ASSIGNMENT: Copy the lines exactly as they appear, starting with the first line of the records and ending with the line that contains "Ginnheimer Asparagus The".

Crawled caption data
↓

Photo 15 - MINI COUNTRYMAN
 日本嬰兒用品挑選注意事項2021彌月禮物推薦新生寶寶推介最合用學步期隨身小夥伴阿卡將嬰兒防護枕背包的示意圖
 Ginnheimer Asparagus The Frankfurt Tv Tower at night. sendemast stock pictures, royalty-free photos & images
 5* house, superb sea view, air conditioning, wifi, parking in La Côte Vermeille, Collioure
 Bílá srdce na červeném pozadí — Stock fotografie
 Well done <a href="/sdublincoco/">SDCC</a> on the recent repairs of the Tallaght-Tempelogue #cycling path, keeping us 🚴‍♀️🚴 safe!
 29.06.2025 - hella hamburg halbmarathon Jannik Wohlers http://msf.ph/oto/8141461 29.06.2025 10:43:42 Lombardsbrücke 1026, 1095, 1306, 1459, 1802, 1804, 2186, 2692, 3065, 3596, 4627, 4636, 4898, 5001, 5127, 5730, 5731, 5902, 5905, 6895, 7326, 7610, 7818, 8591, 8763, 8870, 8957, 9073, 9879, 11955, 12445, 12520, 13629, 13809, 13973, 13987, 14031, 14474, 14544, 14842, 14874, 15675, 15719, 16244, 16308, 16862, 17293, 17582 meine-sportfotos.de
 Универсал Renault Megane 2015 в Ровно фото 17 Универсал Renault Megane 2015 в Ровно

↑

ANSWER BOX:
Photo 15 - MINI COUNTRYMAN
 日本嬰兒用品挑選注意事項2021彌月禮物推薦新生寶寶推介最合用學步期隨身小夥伴阿卡將嬰兒防護枕背包的示意圖
 Ginnheimer Asparagus The Frankfurt Tv Tower at night. sendemast stock pictures, royalty-free photos & images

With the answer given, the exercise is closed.